O noivo dava à noiva, pois estes povos tinham do casamento a ideia de que era uma compra e venda ao futuro sogro (o noivo comprava a mulher ao sogro). Comprava, logo pagava o preço da mulher. O dote eram os bens que dava ao sogro, mas eram da noiva (preço). O anel de aliança de noivado vem daqui! Antes do dote era compra e venda.
Morgengabe
Herdamos dos Visigodos. O marido dava à mulher na manhã seguinte da noite de núpcias: compensação da perda da virgindade.
Ordálios (Juízos de Deus)
O risco de absolver um criminoso era maior do que condenar um inocente. IN DUBIO PRO REO: presunção de inocência. Provém de Roma. Os Visigodos não tinham este princípio, mas o problema era o mesmo. Suspeita-se apenas, pois não se sabe de nada ao certo. Estamos na Idade Média: época de muita religiosidade. Deus está sempre presente. Não tem suspeitas, tem verdades. Deus viu! Pede-se a Deus um sinal e é aqui que funcionam os ordálios: prova do ferro candente ou em brasa. Dependia da cura da ferida para se saber se havia ou não criminosos/inocentes.
Casamento de Juras
As filhas só casavam mediante o consentimento de seus pais. Mas muitas vezes, os pais opunham-se. O noivo jurava com a noiva, a Igreja reconhecia este casamento e o pai já nada tinha a ver.
Direito Muçulmano
Em 711, uma cavalaria em Tarifa invadiu a Península Ibérica, conquistando tudo, exceto as Montanhas das Astúrias (local onde os Visigodos se refugiavam). O exército árabe era chefiado por Tarique, e rapidamente conquistou a Península Ibérica aos Visigodos.

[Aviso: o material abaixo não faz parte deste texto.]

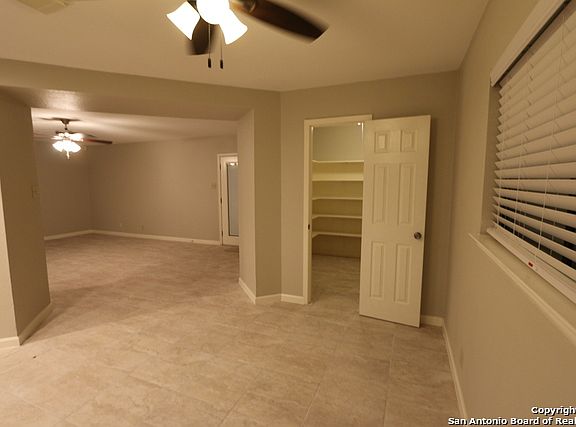 5th image of 8022 Sunshine Trail Dr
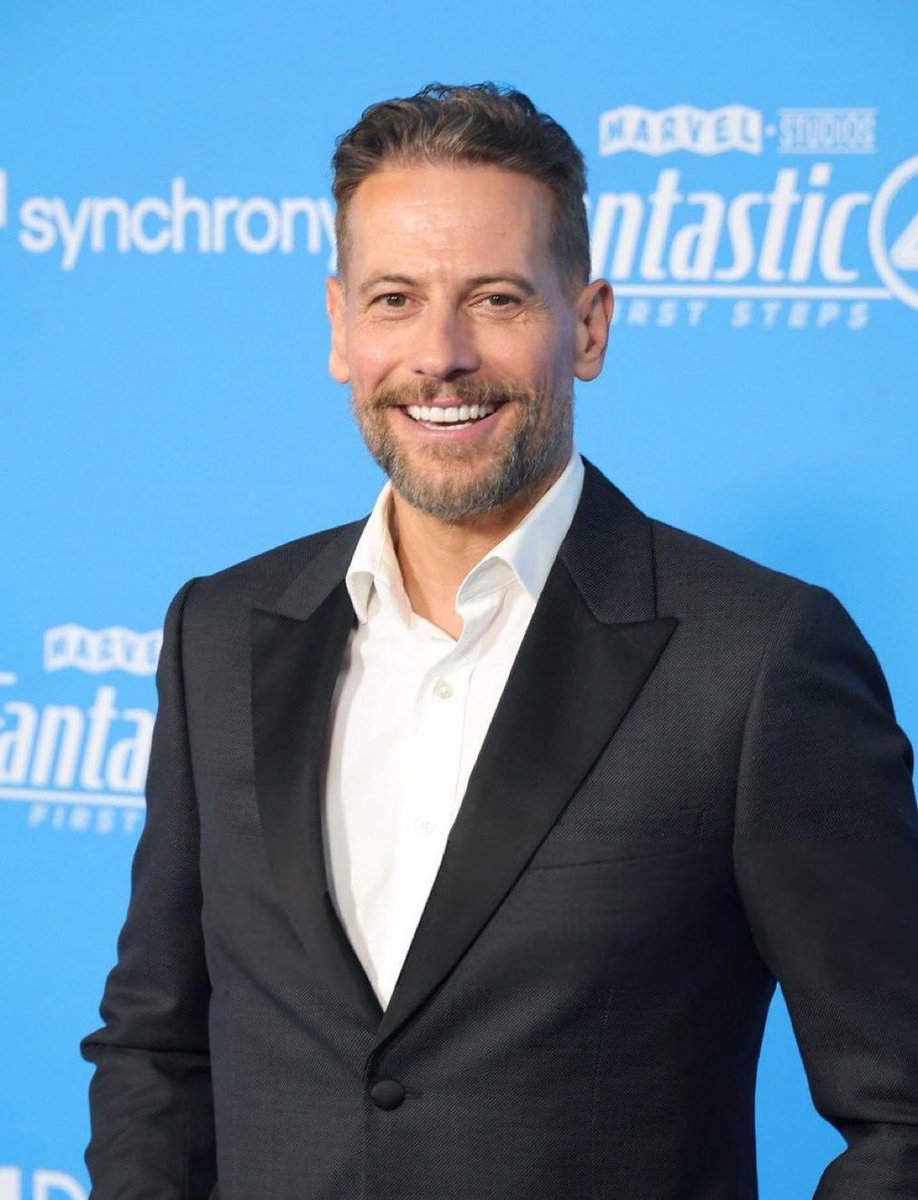 PhaseHero's tweet image. Ioan Gruffudd, the Mr. Fantastic many of us grew up on, was at the new #FantasticFour premiere on Monday night.
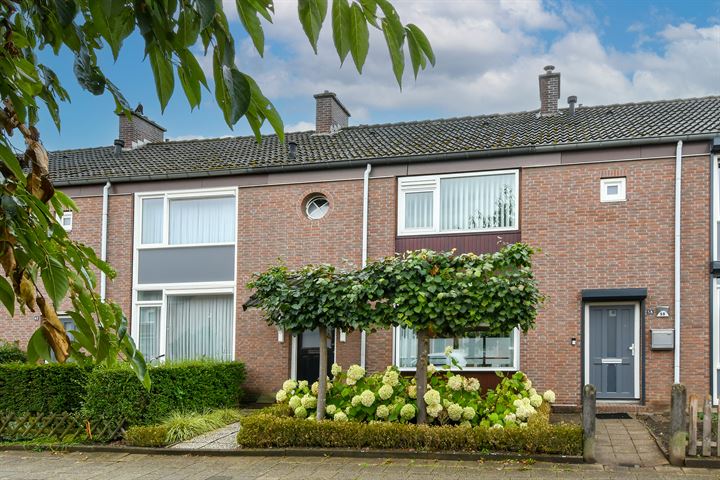 Koninginnelaan 60 in Roermond foto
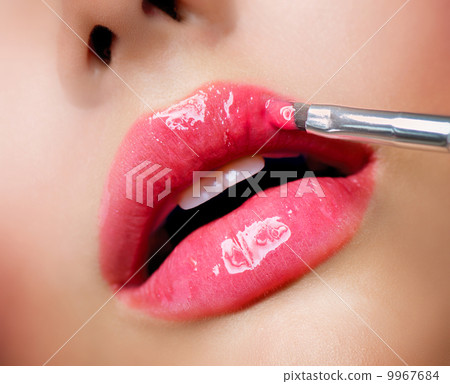 Professional Make-up. Lipgloss. Lipstick 9967684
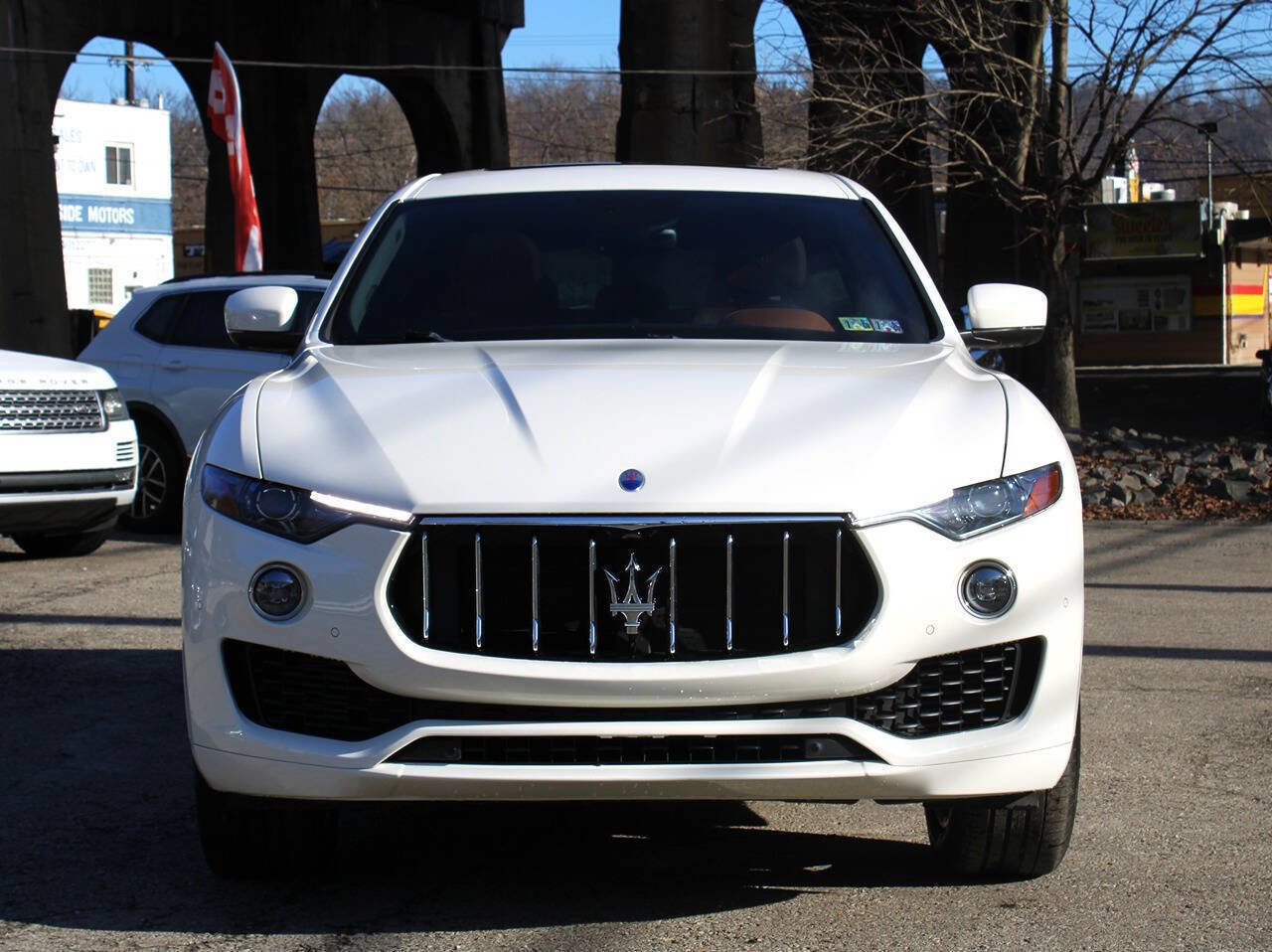 Used 2020 Maserati Levante image 2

Relativamente ao Direito Árabe: é um direito religioso, e à frente deste direito estão as normas da Igreja. Os muçulmanos foram um povo tolerante, respeitaram os direitos dos invadidos (Visigodos) – Princípio da Personalidade. Tudo o que tem ‘al’ provém dos árabes.
Fontes do Direito Muçulmano
- Alcorão: bíblia dos Muçulmanos;
- Sunna: conduta pessoal de Maomé, visto como um exemplo;
- Costume.
Instituições Muçulmanas
A Parceria Agrícola era um contrato de repartição de terras. Chegou até 1910. A terra pública tinha uma terça parte, isto é, herança. A parte disponível podia ser dada a estranhos à família. A parte indisponível não podia ser dada, pois ficava para a família mais próxima. O testamento é um negócio jurídico que produz efeitos mortis causa. Esta figura da terça foi estabelecida no Direito Português até 1910.
A Reconquista Cristã e o Direito Peninsular
Os Árabes invadiram a Península Ibérica em 711, menos a Montanha das Astúrias, onde se refugiaram os Visigodos. É aqui que se dá a reconquista cristã, com os Visigodos a expulsarem os Árabes da Península Ibérica. Antes da fundação de Portugal, essa reconquista já existia. O Direito Peninsular tornou-se Direito da Reconquista Cristã. É a partir do refúgio dos Visigodos nas Astúrias que se dá a reconquista cristã, com a expulsão dos Árabes da Península Ibérica, incluindo os territórios de Portugal, excluindo o Condado Portucalense.
Fontes do Direito na Reconquista Cristã
- Costumes.
- Forais: documento em que uma entidade (ex.: rei, igreja, nobre) concede um conjunto de direitos e obrigações que passam a regulamentar a vida de uma localidade. As suas relações passam a ser disciplinadas através deste foral. Trata-se de uma plena Constituição que é dada a uma localidade e que está na base da sua fundação.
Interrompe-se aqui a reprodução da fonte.